Letter: Jim Linville was a teacher of light

Routt County lost a really bright light this week in Jim Linville, lifelong educator, mountaineer, hero, environmentalist, world traveler, human communicator and philosopher. Recently, challenges have galloped ahead of our human ability to cope, and not everyone behaved or reacted well. We could really use more Jim Linvilles in these complicated times.

Jim could help those around him learn to persevere through challenges with a smile, to see beauty everywhere, in nature and in each other. He observed, listened; he was kind, he sought to understand. He assumed he had something to learn, and he brought people along. Isn’t that the true definition of a leader?
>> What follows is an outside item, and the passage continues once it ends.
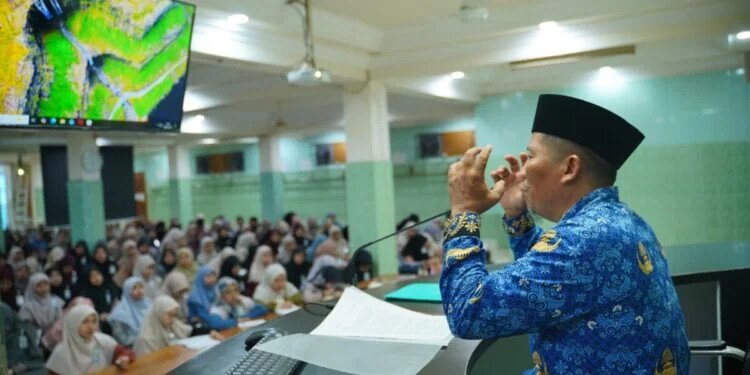 Kementerian Agama (Kemenag) Nganjuk mengajak santri untuk menjadi dai dan daiyah yang berakhlak mulia. Foto: LINES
Once, on a cold and windy day in Mongolia, we had to fix a broken fence at an orphanage with our high school students and hosts. Our tools: bowls for digging, rocks for hammers.

Me: “We’ll never get the kids to do this.”

Jim: “This is going to be fun!”

Being an engineer helped, (he was), and a carpenter (he was that, too), but it was how he went about it with us. We had a ball, made lifelong friends and got that fence built. Language and culture were not a problem.

He worked with groups tackling tamarack on the river systems, helped snowmobilers get along with backcountry skiers, rescued endless lost and injured hunters. He led students up 14ers, “freed our heels and our souls” on telemark skis and guided incredible trips through the wilds of Africa.

He spoke Swahili. Really? His French, algebra and geography classes were challenging but beloved. He modeled perfectly the mission of Steamboat Mountain School, previously Whiteman, where he had a huge role in raising me as a teacher. I knew it was a rare gift to be around him.

I leave you with Jim’s method of quickly integrating a group of people. Picture him lining us up, side by side, holding hands. Then he’d duck under the linked hands of those in the line, weaving in and out, saying, “Don’t let go! Hold on! Trust me!”

We would become impossibly tangled, and after much giggling and silliness, finally … ta da! We were side by side again. How did he do that? My answer, together, with gusto, understanding, trust, empathy, kindness, laughter and, finally, optimism. That’s the secret.

Thank you, Jim Linville. God Bless you on your next grand adventure.